Chief Justice JS Khehar, however, thinks there is need for an opening up of the field here. While inaugurating the All India Seminar of the International Law Association in Delhi on Saturday, he said: “I feel international exchange of lawyers will improve the system.”
What the chief justice wanted to say was that if one could put away fears that foreign lawyers would take away the business of Indian lawyers—the fear which probably initiated the barrier to foreign lawyers in the first place— the exchange would, in fact, be better for the Indian judicial system. Quite like the opening of the Indian economy in 1991.
Justice Khehar also said: “If anybody thinks foreign lawyers will come to India and snatch our professional positions and substitute us, it’s not correct. Indian lawyers are no less than those across the world.” But he put a rider. He said that a system of “reciprocity has to be insisted upon.
“If some country does not allow us (Indian lawyers to work in their country), then it may be difficult for us to allow them or for the Bar Council of India to agree to that. But given the opportunity to go and practice abroad, I think this opportunity should never be missed.”
The initial opposition of the Bar Council of India (BCI) regarding allowing entry of foreign lawyers may be relenting.
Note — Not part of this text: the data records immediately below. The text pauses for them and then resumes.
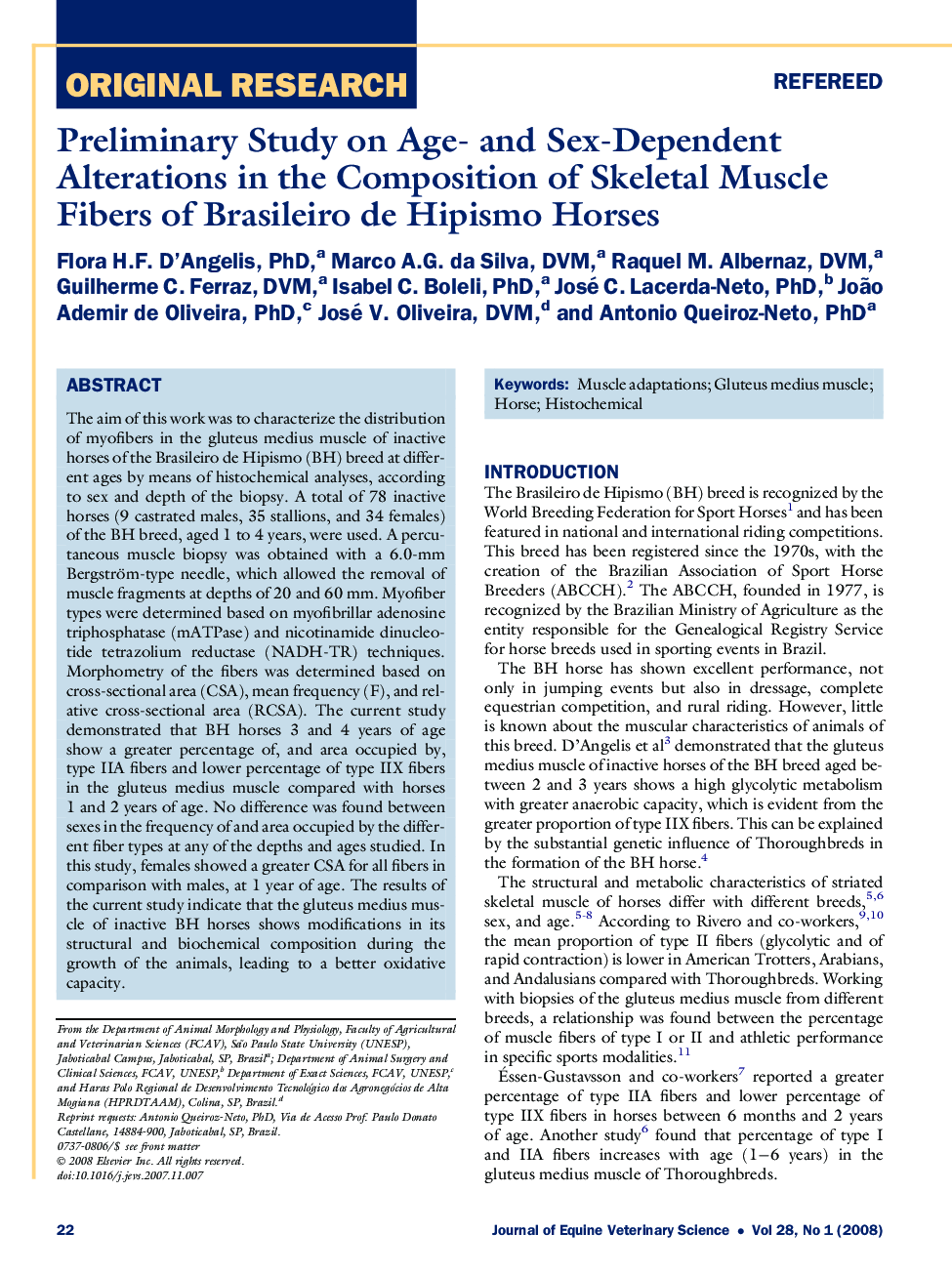 Preliminary Study on Age- and Sex-Dependent Alterations in the Composition of Skeletal Muscle Fibers of Brasileiro de Hipismo Horses 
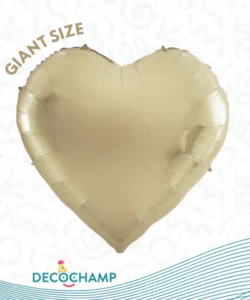 GIANT DECO HEART CHAMPAGNE 68IN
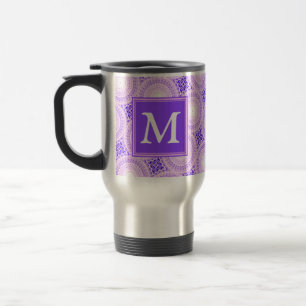 Caneca Térmica Padrão dos círculos roxos do monograma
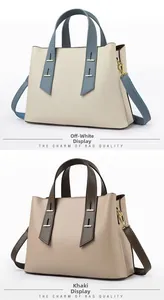 Multi-color view of minimalist tote bags in cream and khaki with contrast details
The Chief Justice said that the BCI and the Society of Indian Law Firms have “in principle” agreed with the government’s proposal to gradually open up the legal sector to foreign players.
He said: “We will also learn from them—when foreign lawyers and firms come to India. But most of all, this international exchange of lawyers will possibly enthuse the system because once you are exposed to other systems of thinking and working, it is possible for you to advise in your own country and in conferences like this to make suggestions to the government to adopt better measures.”
This was needed, he said, because the Indian legal community has “possibly become the world’s largest and most influential in the matter of governance.”